Speaker
Description
Extreme events, although rare, hold significant importance due to their huge impact in various areas of science (earthquakes, chemical reactions, population extinction, etc.). Typically, the kinetics of these events is described by Arrhenius laws, with exponentially distributed waiting times. However, this description may break down in the presence of long-term memory, i.e., for stochastic processes with correlation functions decaying as a power-law rather than exponentially, since Arrhenius times cannot be larger than (infinite) correlation times.
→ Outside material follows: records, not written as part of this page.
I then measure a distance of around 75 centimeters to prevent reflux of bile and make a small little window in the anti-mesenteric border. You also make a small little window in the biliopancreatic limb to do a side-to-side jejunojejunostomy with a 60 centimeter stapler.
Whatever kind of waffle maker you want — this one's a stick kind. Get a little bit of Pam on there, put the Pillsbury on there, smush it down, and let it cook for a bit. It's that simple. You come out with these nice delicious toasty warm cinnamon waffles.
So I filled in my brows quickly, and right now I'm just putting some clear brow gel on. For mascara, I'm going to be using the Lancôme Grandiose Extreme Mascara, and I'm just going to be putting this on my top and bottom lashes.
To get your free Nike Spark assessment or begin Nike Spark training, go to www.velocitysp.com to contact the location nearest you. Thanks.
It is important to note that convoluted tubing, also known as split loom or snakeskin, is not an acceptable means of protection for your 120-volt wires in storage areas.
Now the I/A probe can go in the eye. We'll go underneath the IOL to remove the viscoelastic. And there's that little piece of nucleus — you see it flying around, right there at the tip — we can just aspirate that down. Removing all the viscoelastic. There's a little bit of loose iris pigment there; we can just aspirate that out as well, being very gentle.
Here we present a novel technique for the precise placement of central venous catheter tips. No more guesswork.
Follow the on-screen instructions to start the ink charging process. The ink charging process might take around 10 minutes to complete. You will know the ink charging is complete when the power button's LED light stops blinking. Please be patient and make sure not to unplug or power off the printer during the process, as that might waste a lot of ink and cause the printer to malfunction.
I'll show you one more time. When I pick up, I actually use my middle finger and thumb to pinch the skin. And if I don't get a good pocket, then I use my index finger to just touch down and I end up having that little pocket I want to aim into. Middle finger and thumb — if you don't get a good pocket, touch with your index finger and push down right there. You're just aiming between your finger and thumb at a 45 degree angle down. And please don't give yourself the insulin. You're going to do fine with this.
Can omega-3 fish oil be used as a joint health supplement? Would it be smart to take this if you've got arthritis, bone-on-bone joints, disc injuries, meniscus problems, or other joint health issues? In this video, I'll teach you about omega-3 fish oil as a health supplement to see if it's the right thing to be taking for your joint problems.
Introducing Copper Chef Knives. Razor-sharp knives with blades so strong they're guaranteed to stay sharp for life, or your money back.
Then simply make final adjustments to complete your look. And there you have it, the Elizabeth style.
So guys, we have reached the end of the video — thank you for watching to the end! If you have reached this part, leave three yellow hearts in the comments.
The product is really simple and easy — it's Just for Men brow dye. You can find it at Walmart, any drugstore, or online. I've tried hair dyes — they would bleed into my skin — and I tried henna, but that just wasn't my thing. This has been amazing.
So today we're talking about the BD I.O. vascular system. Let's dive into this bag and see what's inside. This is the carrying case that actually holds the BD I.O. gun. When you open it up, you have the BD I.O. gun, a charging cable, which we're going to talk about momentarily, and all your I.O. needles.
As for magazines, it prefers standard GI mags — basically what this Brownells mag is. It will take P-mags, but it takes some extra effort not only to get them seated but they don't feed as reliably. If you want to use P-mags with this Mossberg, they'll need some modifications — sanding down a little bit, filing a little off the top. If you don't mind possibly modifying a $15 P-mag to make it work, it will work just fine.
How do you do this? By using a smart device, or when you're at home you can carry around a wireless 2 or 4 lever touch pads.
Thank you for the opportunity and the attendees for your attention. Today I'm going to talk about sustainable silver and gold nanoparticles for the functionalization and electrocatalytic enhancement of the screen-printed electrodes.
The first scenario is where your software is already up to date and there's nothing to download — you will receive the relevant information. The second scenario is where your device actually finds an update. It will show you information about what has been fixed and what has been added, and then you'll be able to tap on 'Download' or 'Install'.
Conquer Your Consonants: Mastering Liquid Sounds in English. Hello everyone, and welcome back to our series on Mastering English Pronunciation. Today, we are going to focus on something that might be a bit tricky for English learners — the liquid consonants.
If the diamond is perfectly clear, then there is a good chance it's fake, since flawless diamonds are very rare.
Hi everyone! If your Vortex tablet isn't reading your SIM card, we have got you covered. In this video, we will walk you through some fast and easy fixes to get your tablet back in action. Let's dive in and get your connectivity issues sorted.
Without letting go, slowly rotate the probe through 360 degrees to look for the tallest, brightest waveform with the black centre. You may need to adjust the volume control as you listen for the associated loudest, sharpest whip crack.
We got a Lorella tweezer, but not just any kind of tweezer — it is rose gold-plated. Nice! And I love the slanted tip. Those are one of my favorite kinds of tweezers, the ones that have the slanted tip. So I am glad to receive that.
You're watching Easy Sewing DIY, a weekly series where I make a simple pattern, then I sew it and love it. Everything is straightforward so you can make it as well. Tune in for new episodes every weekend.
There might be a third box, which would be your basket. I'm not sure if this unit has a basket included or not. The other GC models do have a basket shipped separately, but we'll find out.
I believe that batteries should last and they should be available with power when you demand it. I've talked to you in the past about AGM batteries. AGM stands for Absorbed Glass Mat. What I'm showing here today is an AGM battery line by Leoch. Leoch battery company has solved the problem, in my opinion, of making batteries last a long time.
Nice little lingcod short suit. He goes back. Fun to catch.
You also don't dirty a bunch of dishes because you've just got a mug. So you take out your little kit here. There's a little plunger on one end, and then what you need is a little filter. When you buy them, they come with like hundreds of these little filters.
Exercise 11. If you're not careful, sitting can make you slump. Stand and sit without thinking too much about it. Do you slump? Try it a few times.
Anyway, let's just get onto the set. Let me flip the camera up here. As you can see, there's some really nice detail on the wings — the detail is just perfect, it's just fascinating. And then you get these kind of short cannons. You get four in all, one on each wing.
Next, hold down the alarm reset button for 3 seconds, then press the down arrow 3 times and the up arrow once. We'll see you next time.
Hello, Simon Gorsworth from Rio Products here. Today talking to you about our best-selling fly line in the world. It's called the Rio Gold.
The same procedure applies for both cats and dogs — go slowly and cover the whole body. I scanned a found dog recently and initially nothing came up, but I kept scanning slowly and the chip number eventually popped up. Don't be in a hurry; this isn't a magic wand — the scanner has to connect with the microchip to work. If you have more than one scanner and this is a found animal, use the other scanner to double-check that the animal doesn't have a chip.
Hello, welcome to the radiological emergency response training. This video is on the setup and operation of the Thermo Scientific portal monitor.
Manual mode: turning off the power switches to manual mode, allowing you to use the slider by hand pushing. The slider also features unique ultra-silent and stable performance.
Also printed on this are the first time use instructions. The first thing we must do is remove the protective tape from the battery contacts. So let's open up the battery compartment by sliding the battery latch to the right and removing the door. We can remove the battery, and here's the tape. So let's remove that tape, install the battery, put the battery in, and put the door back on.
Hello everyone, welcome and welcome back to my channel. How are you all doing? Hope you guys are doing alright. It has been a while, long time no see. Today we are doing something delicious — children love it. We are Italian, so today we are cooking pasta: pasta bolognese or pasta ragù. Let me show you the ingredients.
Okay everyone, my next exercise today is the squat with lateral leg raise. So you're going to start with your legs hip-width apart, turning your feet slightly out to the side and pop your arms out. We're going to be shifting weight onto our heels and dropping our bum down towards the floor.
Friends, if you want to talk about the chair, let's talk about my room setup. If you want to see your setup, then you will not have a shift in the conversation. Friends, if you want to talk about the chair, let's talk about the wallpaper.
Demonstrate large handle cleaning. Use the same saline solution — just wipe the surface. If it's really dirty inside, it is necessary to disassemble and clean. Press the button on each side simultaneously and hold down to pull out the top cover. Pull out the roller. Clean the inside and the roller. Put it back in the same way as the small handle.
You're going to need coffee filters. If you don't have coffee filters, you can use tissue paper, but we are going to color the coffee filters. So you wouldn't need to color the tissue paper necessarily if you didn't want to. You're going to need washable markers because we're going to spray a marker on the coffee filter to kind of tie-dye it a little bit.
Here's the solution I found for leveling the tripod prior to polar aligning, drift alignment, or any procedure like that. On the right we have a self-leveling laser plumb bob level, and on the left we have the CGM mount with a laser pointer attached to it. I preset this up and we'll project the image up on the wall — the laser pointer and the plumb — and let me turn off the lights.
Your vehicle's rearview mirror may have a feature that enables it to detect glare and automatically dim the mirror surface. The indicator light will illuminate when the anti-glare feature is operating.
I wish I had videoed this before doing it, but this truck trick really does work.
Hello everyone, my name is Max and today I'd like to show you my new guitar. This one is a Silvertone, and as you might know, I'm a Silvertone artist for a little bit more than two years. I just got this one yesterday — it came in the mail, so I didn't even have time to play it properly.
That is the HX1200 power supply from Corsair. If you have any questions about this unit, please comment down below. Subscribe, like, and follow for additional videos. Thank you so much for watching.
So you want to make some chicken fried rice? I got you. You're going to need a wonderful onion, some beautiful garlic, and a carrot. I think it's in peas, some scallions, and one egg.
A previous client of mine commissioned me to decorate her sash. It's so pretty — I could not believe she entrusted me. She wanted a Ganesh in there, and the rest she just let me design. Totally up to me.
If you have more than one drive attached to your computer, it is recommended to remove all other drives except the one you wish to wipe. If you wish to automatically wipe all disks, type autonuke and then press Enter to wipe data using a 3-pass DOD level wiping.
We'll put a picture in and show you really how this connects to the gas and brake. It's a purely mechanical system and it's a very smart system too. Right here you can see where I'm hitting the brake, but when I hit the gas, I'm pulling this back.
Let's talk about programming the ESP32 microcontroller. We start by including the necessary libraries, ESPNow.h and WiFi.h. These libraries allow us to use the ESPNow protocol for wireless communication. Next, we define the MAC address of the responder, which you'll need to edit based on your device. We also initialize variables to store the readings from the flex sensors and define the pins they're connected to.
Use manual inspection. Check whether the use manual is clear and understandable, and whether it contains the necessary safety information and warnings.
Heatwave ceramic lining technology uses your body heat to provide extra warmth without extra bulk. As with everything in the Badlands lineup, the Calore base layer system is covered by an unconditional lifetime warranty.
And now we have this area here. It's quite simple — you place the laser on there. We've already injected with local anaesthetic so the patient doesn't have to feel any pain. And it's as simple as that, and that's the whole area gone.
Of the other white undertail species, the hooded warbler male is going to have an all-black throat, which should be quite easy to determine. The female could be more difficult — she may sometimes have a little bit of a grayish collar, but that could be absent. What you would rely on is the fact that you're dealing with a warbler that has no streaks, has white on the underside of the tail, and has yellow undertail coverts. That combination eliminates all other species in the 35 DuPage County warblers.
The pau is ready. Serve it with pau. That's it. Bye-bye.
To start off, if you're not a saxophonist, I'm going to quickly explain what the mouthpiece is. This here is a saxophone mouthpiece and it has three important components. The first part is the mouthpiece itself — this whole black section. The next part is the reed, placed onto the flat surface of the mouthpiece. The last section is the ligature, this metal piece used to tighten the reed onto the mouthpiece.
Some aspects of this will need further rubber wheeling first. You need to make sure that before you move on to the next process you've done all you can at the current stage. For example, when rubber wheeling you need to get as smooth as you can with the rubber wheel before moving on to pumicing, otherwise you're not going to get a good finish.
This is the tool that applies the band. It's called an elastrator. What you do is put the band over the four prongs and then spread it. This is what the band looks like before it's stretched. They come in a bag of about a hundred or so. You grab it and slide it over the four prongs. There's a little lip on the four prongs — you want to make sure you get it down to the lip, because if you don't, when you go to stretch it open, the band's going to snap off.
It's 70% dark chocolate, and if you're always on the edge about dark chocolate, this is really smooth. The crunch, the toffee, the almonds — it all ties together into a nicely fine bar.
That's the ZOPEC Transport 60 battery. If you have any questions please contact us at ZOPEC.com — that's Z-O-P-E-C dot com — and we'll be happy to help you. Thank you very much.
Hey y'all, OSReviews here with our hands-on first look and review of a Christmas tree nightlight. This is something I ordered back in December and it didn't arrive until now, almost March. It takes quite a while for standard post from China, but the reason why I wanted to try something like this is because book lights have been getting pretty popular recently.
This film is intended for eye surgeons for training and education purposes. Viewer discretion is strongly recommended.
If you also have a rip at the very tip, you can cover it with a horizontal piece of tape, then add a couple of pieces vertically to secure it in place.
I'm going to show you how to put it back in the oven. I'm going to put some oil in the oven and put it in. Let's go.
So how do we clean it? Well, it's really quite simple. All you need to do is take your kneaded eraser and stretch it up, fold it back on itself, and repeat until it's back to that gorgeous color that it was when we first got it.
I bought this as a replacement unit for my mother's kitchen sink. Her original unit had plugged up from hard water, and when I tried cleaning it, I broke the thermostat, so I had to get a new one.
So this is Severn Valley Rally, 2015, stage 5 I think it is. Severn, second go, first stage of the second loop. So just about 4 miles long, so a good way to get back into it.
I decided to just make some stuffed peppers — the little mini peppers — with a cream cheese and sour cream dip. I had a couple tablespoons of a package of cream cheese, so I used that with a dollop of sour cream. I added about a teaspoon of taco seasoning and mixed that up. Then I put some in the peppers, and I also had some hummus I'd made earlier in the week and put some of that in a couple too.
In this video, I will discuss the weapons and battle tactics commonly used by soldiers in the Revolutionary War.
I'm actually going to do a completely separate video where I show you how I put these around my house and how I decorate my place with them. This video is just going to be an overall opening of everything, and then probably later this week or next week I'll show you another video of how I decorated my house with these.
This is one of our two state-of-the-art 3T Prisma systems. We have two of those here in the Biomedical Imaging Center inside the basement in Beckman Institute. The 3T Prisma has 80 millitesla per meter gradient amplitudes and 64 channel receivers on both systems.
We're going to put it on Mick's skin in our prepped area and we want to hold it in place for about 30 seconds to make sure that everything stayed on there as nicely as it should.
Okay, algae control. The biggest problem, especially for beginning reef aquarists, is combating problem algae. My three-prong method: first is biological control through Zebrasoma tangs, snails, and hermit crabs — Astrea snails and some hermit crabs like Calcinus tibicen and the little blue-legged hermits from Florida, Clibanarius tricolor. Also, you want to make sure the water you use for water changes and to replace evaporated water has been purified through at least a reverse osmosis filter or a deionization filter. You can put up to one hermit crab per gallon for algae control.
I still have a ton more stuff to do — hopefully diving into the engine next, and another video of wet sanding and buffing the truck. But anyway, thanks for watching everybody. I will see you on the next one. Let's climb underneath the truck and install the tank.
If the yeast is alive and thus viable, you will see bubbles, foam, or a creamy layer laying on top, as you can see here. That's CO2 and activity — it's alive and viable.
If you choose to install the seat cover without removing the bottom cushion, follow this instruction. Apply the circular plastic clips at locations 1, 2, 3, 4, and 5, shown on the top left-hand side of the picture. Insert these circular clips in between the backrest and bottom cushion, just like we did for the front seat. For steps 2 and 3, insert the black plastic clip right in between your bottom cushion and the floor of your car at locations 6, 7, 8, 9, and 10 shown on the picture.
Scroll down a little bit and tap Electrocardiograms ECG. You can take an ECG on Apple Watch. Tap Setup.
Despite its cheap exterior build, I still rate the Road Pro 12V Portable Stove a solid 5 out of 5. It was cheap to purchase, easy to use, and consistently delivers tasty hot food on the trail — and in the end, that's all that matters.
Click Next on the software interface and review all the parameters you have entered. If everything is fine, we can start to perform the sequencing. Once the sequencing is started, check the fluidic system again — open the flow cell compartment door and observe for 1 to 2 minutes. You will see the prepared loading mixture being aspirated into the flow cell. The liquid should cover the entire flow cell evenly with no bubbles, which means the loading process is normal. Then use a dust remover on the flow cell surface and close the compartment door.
This leads to several intriguing questions such as: (a) Do rare-events show correlations in their successive occurrences? (b) Given an extreme event, can we predict the time before next occurrence? (c) And finally, can we characterize analytically the phenomenon of rare-event clustering? Here, we analyze the kinetics to reach a rarely reached threshold for a Gaussian stationary random walker with long-term memory, as an example of the paradigmatic Kramer’s escape problem. We calculate analytically the joint distribution of the last and first passage to a rarely reached threshold (relative to a specified reference point) to explore correlations and the predictability of return intervals between consecutive rare-events. Additionally, we examine the second passage distribution to an extreme event to study their clustering. We find analytically that long-term memory induces (i) non-exponential corrections in the joint distribution of last and first passage of rare-events, (ii) non-zero correlations between their occurrences, and (iii) clustering of successive rare events.